Given information.
------------------------
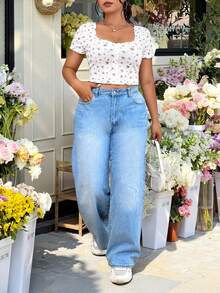 SHEIN EZwear Blusa corta de verano con estampado de flores Ditsy y ribete de lechuga talla grande - Multicolor - Ver 4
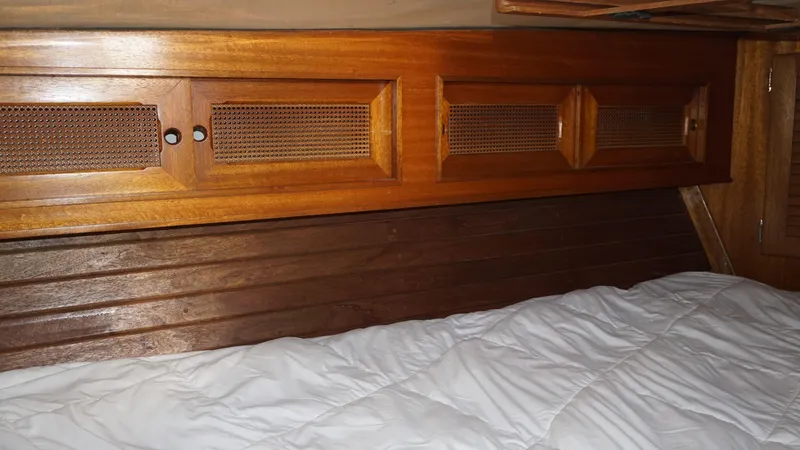 1980 Bristol 35.5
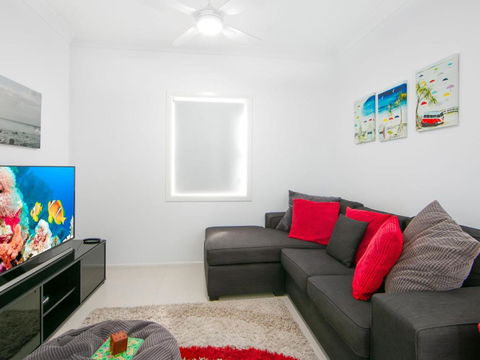 Avalon 3 Views To Die For Across The Road From Convent Beach - Hervey Bay Accommodation 4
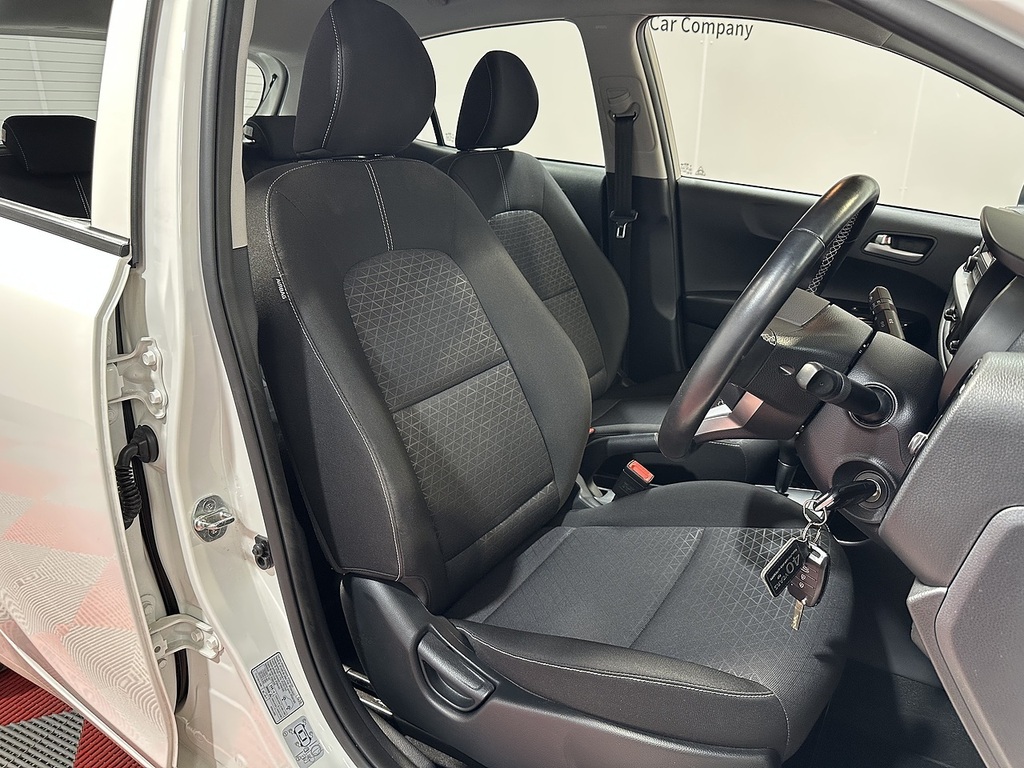 Kia Picanto 2 White #6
------------------------
Goal of the exercise.
Reproduce the data above exactly, leaving out any picture in it.

Answer below.
 SHEIN EZwear Blusa corta de verano con estampado de flores Ditsy y ribete de lechuga talla grande - Multicolor - Ver 4
 1980 Bristol 35.5
 Avalon 3 Views To Die For Across The Road From Convent Beach - Hervey Bay Accommodation 4
 Kia Picanto 2 White #6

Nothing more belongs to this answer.